Bin ich in meinem Herzen offen für die auch heute neu geschenkte Begegnung mit dem Kind in der Krippe – oder war seine historische Geburt für mein Leben vergeblich?


Weihnachten 2007
Seit Monaten leuchtete mir innerlich die Weihnachts-Thematik 2007 auf: Schöpfung und Dienst der hl. Engel und ihre Präsenz in Betlehem. Sich einem so grossen Geheimnis – der Menschwerdung wie der Welt der hl. Engel – zu nähern, bedeutet die ungeheure Herausforderung, in armselige Worte zu fassen, was im Tiefsten bewegt… Es gilt dabei, um menschliche Worte zu ringen.
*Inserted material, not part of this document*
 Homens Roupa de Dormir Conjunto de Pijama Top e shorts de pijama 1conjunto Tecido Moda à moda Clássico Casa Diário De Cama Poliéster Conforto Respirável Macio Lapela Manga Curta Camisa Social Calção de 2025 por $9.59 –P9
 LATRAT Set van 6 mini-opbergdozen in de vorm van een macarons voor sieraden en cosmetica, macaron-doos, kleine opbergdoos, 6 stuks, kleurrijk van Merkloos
Der Weihnachtstext gliedert sich inhaltlich in 3 Teile: 1. geistige Schöpfung, Wesen und Dienst der Engel allgemein, 2. Engel im Geheimnis der Menschwerdung und als Drittes der persönliche Bezug von Mensch und Engel im Geschehen von Betlehem.
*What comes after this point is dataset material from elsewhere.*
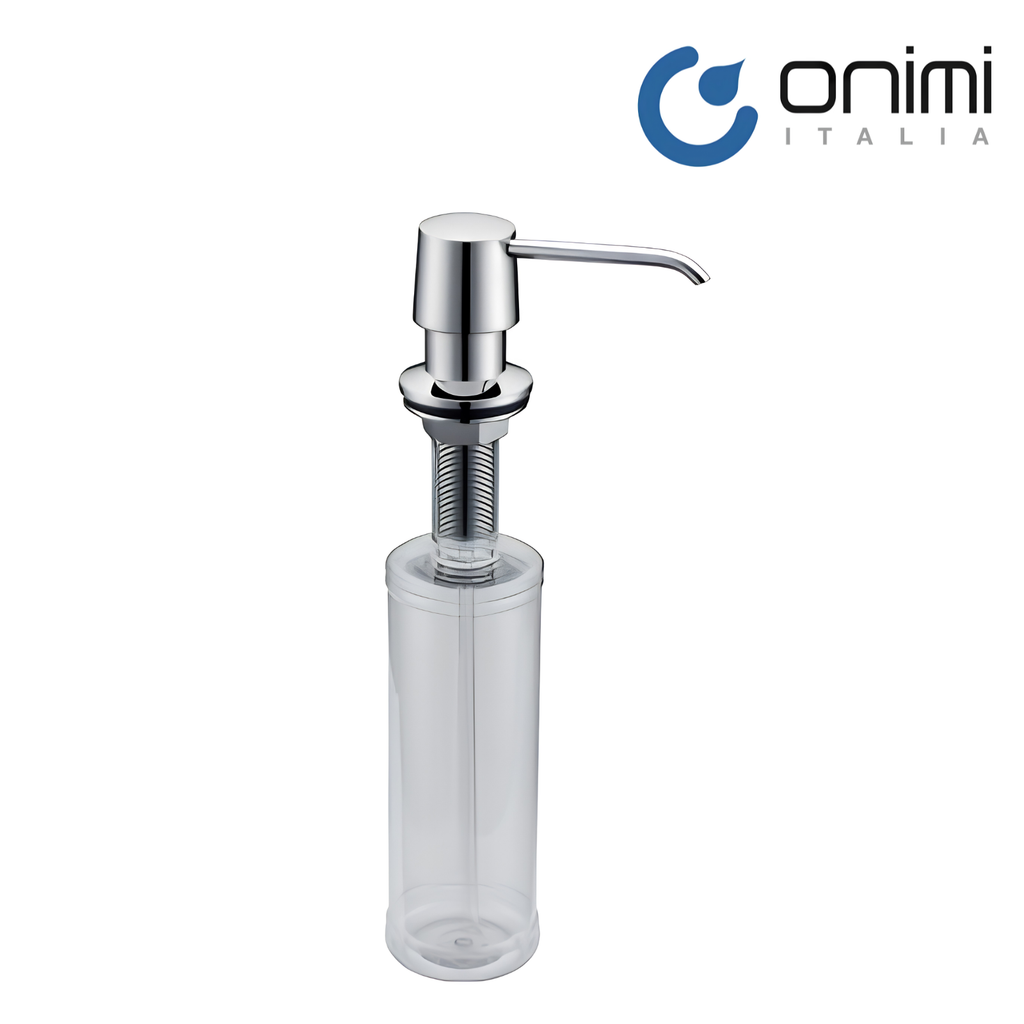 Onimi SD219-B 300ml Brass Pump ABS Bottle Deck-Mounted Soap Dispenser – Polished Chrome Finish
Im Herantasten an dieses unfassbare Heils-Geheimnis schien mir passend, den Text formal mit der Zahl 7 zu verweben: Die Sieben gilt in der Heiligen Schrift als heilige Zahl und bedeutet Ganzheit, Heil, Vollkommenheit.
Der Weihnachtstext 2007 gliedert sich dementsprechend in 7 Strofen, jede Zeile wurde auf 7 Silben ver-dichtet – was für mich bei der Fülle, die es zu erwähnen gäbe, ein hoher Anspruch bedeutete.
Das Weihnachtsgeheimis als Geschenk unseres Heils und unserer Erlösung steht im Mittelpunkt, im Zentrum. Es beginnt daher genau in der Mitte des 7-strofigen Textes mit der 4. Strofe, analog zur Aussage der Heiligen Schrift:
„Als aber die Zeit erfüllt war, sandte Gott seinen Sohn, geboren von einer Frau …, damit er die freikaufe, die unter dem Gesetz stehen, und damit wir die Sohnschaft erlangen.“ Gal. 4,4
„Er hat beschlossen, die Fülle der Zeiten heraufzuführen, in Christus alles zu vereinen, alles, was im Himmel und auf Erden ist.“ Eph. 1,10.
Nach Gottes Heilsplan bricht mit der Menschwerdung Seines Sohnes die „Fülle der Zeiten“ an. Weihnachten steht also im Zenit des Heils - was die Textstruktur bewusst aufnimmt.